Alles ist gut vorbereitet. Der Weihnachtsbaum geschmückt. Liebevoll verpackte Päckchen liegen darunter. Ein letzter, prüfender Blick auf den gedeckten Tisch. Dort steht und liegt alles, wie es sein soll.
Auch in diesem Jahr hat Caroline sich nicht von der Weihnachtshektik anstecken lassen. Aber jetzt ist sie ein wenig aufgeregt. "Freude steht dir gut, meine Liebe", sagt Achim und legt seiner Frau den Arm um die Schultern. Gemeinsam gehen die beiden zur Haustür. Sie halten Ausschau. Die Kinder müssten in wenigen Augenblicken wieder zurück sein.
"Keine Sorge, Caroline! Es ist nichts passiert. Robin und Alana sind vorsichtige Autofahrer. Vielleicht stehen sie in einem Stau. Obgleich ich mir das nicht vorstellen kann. Heiligabend ist eigentlich nie etwas los auf den Straßen", wollte Achim gerade sagen, als mit lautem Gehupe ein Auto vor dem Haus anhält.
"Oma, Opa!", ruft ein etwa vier Jahre altes Mädchen und läuft Caroline direkt in die Arme. Dann wendet es sich seinem Opa zu, umarmt ihn heftig und fragt: "Hast du dir wieder ein neues Weihnachtsmärchen für mich ausgedacht, Opa?"
"Natürlich, meine Kleine. Nach der Bescherung werde ich dir die Geschichte vorlesen. Einverstanden?"
"Ach, Mano, Opa! Da muss ich ja viel zu lange warten. Kannst du nicht sofort erzählen?"
Robin nimmt seine Tochter an die Hand. "Das geht jetzt nicht, Destiny. Zuerst wollen wir Mittag essen. Du bist doch auch hungrig. Oma hat bestimmt wieder ein Überraschungsessen für uns."
"Ja, gut. Und nach dem Essen gehen wir zum Strand. Dann ist Bescherung und dann kann Opa mir seine Geschichte erzählen. OK?"
Voller Stolz sieht Robin Destiny an. Wie sehr sie ihrer Mutter gleicht!
Die gleichen grünen Augen. Das gleiche rotblonde, lange Haar. Ebenso die entzückende Stupsnase, behaftet mit fünf Sommersprossen in gerader Linie.
Leichter Nieselregen begleitet den Strandspaziergang. Er stört nicht. Destiny genießt es in den Pfützen herum zu planschen. Eifrig sucht sie nach Muscheln und Seesternen.
"Guck mal, Papa! Die dicke Möwe hat gar keine Angst vor mir! Schade, dass wir kein altes Brot mitgenommen haben. Wissen die Möwen eigentlich, dass heute Weihnachten ist, Papa?"

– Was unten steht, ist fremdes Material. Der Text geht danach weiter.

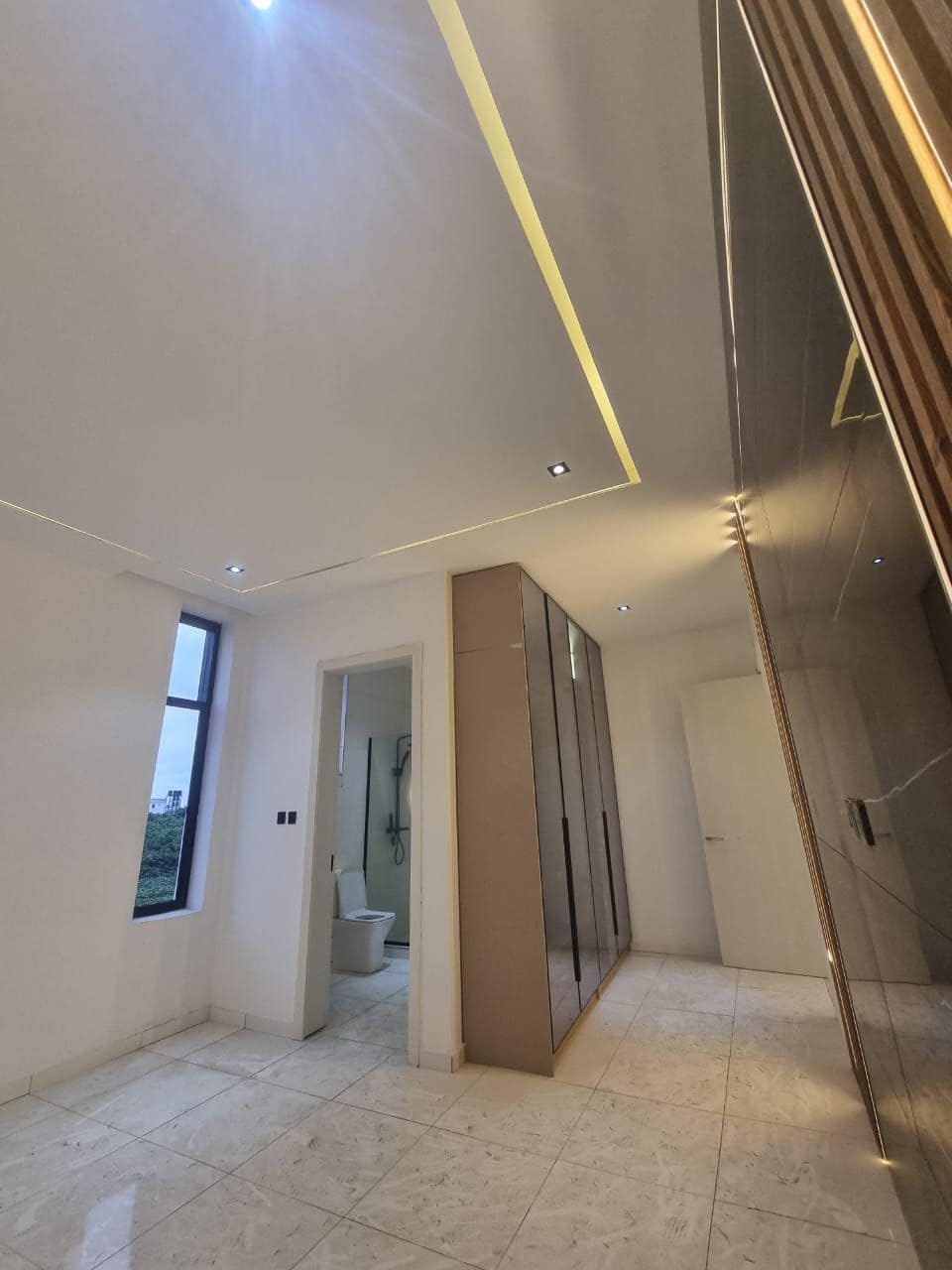 photo_5834566935813754298_y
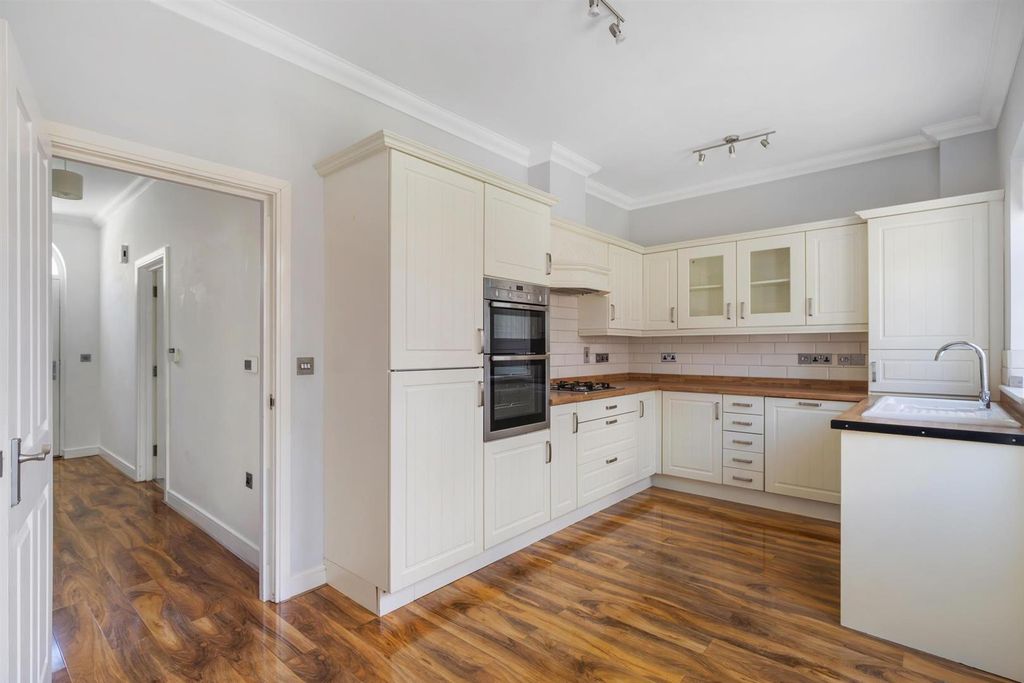 Property photo 2 of 15 010A4231.Jpg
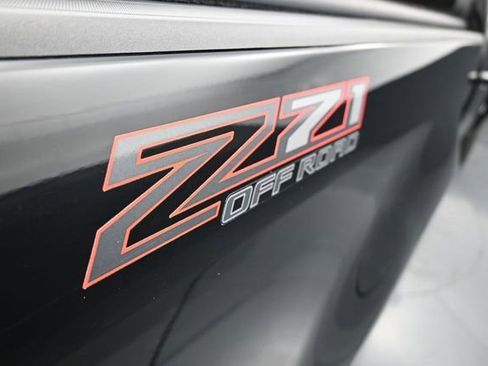 Used 2021 Chevrolet Colorado Z71 w/ Safety Package AWD/4WD image 17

"Gute Frage, meine Kleine. Beantworten kann ich sie dir leider nicht. Robin und Alana nehmen ihre Tochter in die Mitte und laufen zum Wasser. Die dicke Möwe trippelt hinterher. Ab und zu bleibt sie stehen und starrt den jungen Menschen nach. Robin dreht sich um. Die Möwe steht vor ihm, macht keine Anstalten, weg zu fliegen. Aus Kohlraben schwarzen Augen taxiert sie ihr Gegenüber. Langsam, sehr langsam streckt die Erinnerung ihre Fangarme Robin entgegen. Die Möwe krächzt ungewöhnlich leise: "Stürom, Stürom!" Es klingt wie komm, komm, denkt Robin. Machtvoll verdrängt die Erinnerung die Gegenwart. Erstaunt, jedoch voller Zweifel betrachtet Robin die Möwe. Ist es möglich? Kassandra! Botschafterin meines Glücks!
"He, Papa! Träumst du?"
"Nein, Schätzchen. Mir ist gerade eine Geschichte eingefallen. Ich möchte sie dir gerne erzählen. Mama kennt diese Geschichte schon lange. Doch ich glaube, sie hört sie immer wieder gern:
Da! Da ist sie wieder. Die dicke Möwe sitzt auf dem Fensterbrett. Neugierig schaut sie durch das Küchenfenster. Seit einigen Tagen kommt sie. Immer in der Mittagszeit. Robin stellt sich auf das Fußbänkchen.